Call to intensify tension with Lib Dem partners
6th September 2010: The on-going tension with the Lib Dem partners over the issue of immigration is expected to intensify further, with Tory Immigration Minister Damian Green calling for a massive crackdown on the number of students’ visas given to foreigners.
His call is expected to revoke a sharp reaction from Lib Dem Business Secretary Vince Cable. He had caused a flutter during David Cameron’s trip to India by expressing views against the cap, which he believed would harm trade links.
Already, Deputy Prime Minister Nick Clegg has dismissed plans of introducing a cap on non-EU immigrants by asserting people want a generous immigration system.
Even as Prime Minister David Cameron has all along been insisting that introducing a cap on non-EU immigrants is vital, the Deputy Prime Minister only recently reopened a Coalition fissure by making himself clear on the issue.
Agreeing on the need to be ‘tough on numbers’, Clegg made it clear much more important was to ensure immigration system has people’s confidence, people’s trust and people were coming in for the right reasons.
Amidst all the tension on the issue, Green has made it clear that his main target will be student visas.
Green has asserted it was abundantly clear he must cut down on the numbers permitted to enter and stay in every category of immigration controls, particularly the students.
The assertion follows a Home Office report showing over a fifth of overseas visitors, in the UK to study five years ago, are still here; and an increasing number of them were changing their immigration status by procuring work permits or marrying to remain in Britain indefinitely.
Green is expected to take support from the research findings to call for “across-the-board” cuts to immigrant numbers.
Green has already asserted: ‘We have already placed a temporary limit on non-EU nationals coming to the UK to work and are looking at how we can tighten up the Student Tier of the Points Based System to ensure that every student who comes to the UK is genuine.’

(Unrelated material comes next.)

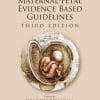 Maternal-Fetal Evidence Based Guidelines, 3rd Edition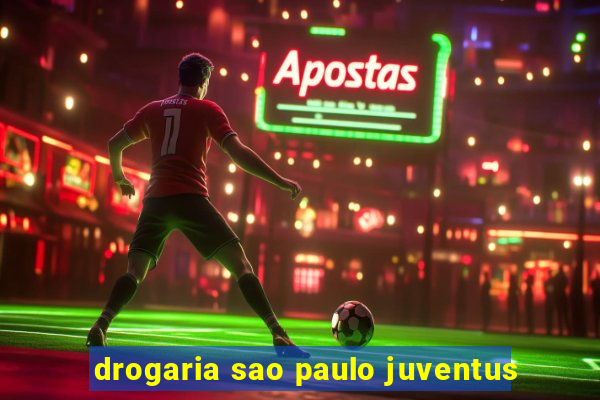 drogaria sao paulo juventus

The assertion had come soon after the release of the latest annual and quarterly national statistics on immigration in the United Kingdom.
The figures resulted in Green reiterating: ‘These statistics show why we must tighten our immigration system in order to reduce net migration to manageable levels.
‘While it is important that we attract the brightest and the best to ensure strong economic growth, uncontrolled migration places unacceptable pressure on public services.
‘The government is committed to reducing the level of net migration over the course of this Parliament to the levels of the 1990s — tens of thousands each year, not hundreds of thousands’.